I take it from your schematic that you are using a naked MAX3485 chip and do the external components yourself? The capacitor named C101 is irritating me a bit - will not that create an RC oscillator on the RS485 bus?
aha, this is just a Proof Of Concept so if you can suggest a better 485 IC please let me know.

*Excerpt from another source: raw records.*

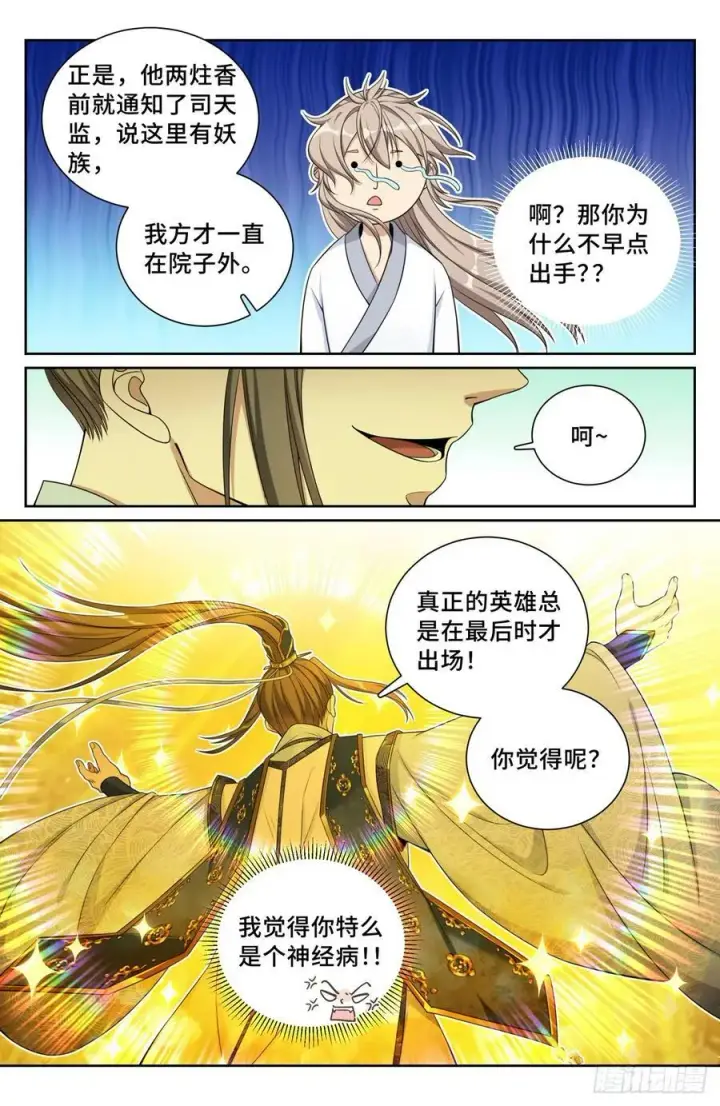 漫画《大奉打更人》186英雄出场第6张图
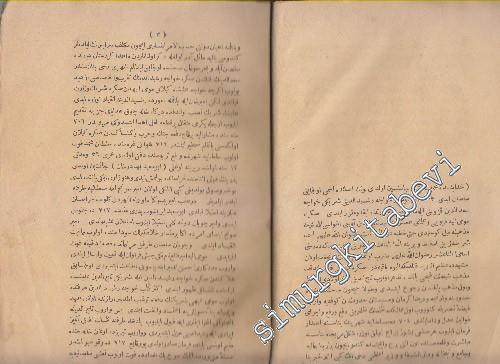 OSMANLICA: Sahâifü'l - ahbâr: Tercüme-i Tarih-i Müneccimbaşı Cilt: 3 ( Müneccimbaşı Tarihi Tercümesinin cild-i salisi) -        1869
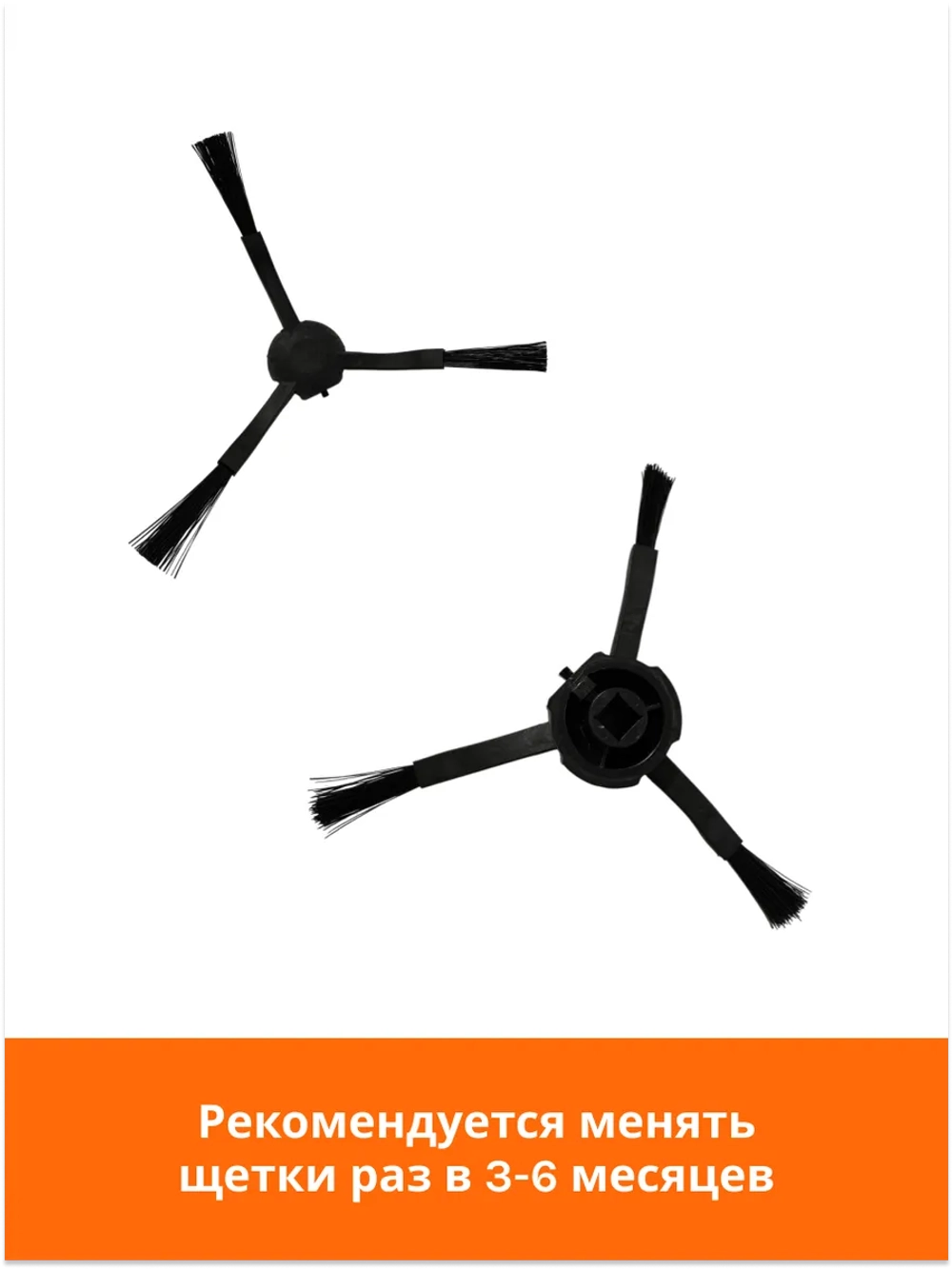 Боковая щётка для Vacuum-Mop STYTJ01ZHM 8022402530 (9001754483)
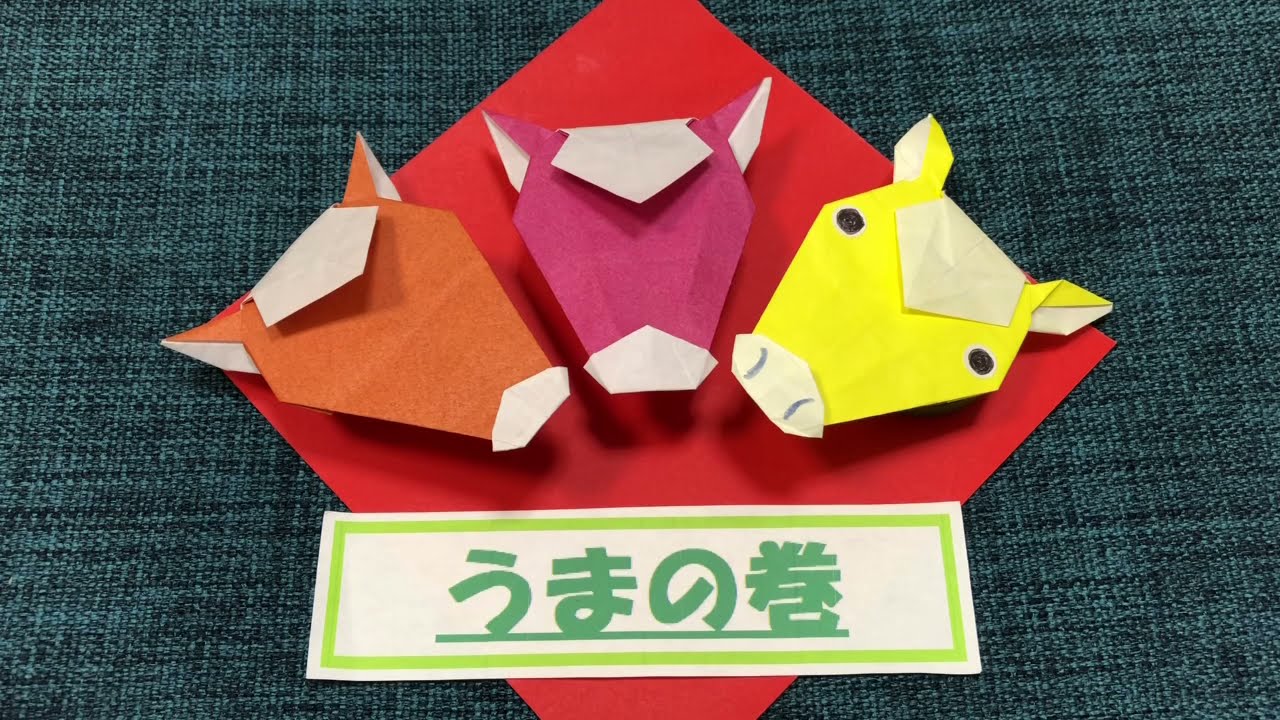 [Оригинальное оригами] Лошадь *Без объяснений* 1 часть Оригами Лошадь со знаком зодиака 🐎 2026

Yes I have the option to add expansion boards to my main board via a PCI slot to test additions
To be honoust I used a schematic I found somewhere else:
https://www.researchgate.net/figure/RS485-module-circuit-schematic_fig4_359561106
I implemented the C as decoupling, not as some filtering, the schematic does not really show that, I changed it to:
If you have feedback let me know :-)
That looks better to me, but I found exactly the schematic above as well with the C in between A+ and B-, so I might be guessing wrong here.
I never had a "bare" RS485 adapter IC myself, so I cannot suggest anything better. But as I wrote the modules with auto half duplex never showed that effect, whereas all experiencing it had deployed some with DE/RE toggle lines. It may be worthwhile to study the schematics of the automatic modules to find how these are avoiding the toggle peak.
Yes. I googled a bit and found the MAX13487E and MAX13488E chips providing this.
mostly out of stock till feb 2023 :-(
But topic this has really helped me.
THX!!
The issue is still valid, but covered by another issue (#198) to be kept on the list.